Вильям был "добрым малым", да ведь и Дантес, в конце концов, по-своему "добрый малый", только и вина, и беда его в том, что "не мог понять он нашей славы"… Вильям, по крайней мере, понимал, что победа Крепыша ему невыгодна, но и проигрыш бросит на него тень подозрений. Так что накануне приза он прямо сказал Шапшалу: "Если Дженераль Эйч будет бежать хорошо, я его обходить не стану". И предложил посадить на Крепыша любого русского наездника. В записках Шапшала нет вразумительного ответа, почему он не воспользовался этой возможностью. Шапшал говорит: не хотел обидеть Кейтона. Что за обида?

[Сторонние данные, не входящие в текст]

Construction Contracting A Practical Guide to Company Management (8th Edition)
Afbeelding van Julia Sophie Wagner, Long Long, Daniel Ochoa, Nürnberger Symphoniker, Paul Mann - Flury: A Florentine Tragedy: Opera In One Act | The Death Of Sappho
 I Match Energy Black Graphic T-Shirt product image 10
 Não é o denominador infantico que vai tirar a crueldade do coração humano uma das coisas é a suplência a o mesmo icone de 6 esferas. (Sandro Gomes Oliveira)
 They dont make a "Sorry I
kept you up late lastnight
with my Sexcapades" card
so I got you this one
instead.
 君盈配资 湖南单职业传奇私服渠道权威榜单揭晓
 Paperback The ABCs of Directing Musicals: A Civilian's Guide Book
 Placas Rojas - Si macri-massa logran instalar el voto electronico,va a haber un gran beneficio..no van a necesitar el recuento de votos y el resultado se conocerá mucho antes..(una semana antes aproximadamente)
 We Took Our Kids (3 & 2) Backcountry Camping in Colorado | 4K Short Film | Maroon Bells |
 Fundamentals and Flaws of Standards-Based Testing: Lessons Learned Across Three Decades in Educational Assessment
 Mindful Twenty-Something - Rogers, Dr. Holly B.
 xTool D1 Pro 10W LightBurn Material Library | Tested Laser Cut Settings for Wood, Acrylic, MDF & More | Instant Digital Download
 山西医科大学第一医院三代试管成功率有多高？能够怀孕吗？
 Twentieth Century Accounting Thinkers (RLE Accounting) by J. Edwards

Что за понимание спортсменства: не только участвовать в международном соревновании, но еще позволить на себе ехать? Шапшал, кроме того, будто бы опасался, что "перемена рук" плохо скажется на Крепыше. Причина ли это? Разве в новых руках, если это руки мастера, не идут лошади еще лучше?

Лошадь, которую он работал, наездник знает, конечно, лучше всех, однако он же, когда приходит время ехать на ней на приз, и волнуется больше. У такого крэка, как Родзевич, чуть ли не паранойя развилась, потому что он, выигравший множество призов, все никак не мог взять Дерби. Тогда он подготовил к важнейшему испытанию не одного, а двух классных рысаков, только все никак не мог решить, на каком же ему ехать самому, а кого передать в другие руки. Наконец он посадил своего свояка Грошева на Былую Мечту, сам сел на Триумфа, который, по мнению Родзевича, был все-таки резвее. А Грошев обыграл его, и подготовленная им Былая Мечта в чужих руках вошла в историю дербисткой.

– Со мной, – свидетельствовал выдающийся русский наездник Афанасий Филиппович Пасечной, – вел переговоры Шапшал о том, чтобы сел я на Крепыша, если будет нужно…

Кажется, все дело в "если". "Если Дженераль Эйч побежит хорошо", – сказал Шапшалу Кейтон, а Дженераль Эйч накануне бега хромал. И, вероятно, владелец Крепыша подумал: "Какой же это соперник!" Как же, должно быть, все удивились, когда на старт американец был, однако, подан в совершенном порядке! Но есть ведь такой прием: иголку – в мышцу, и лошадь делается хромой. Иголку прочь – лошадь идет как ни в чем не бывало.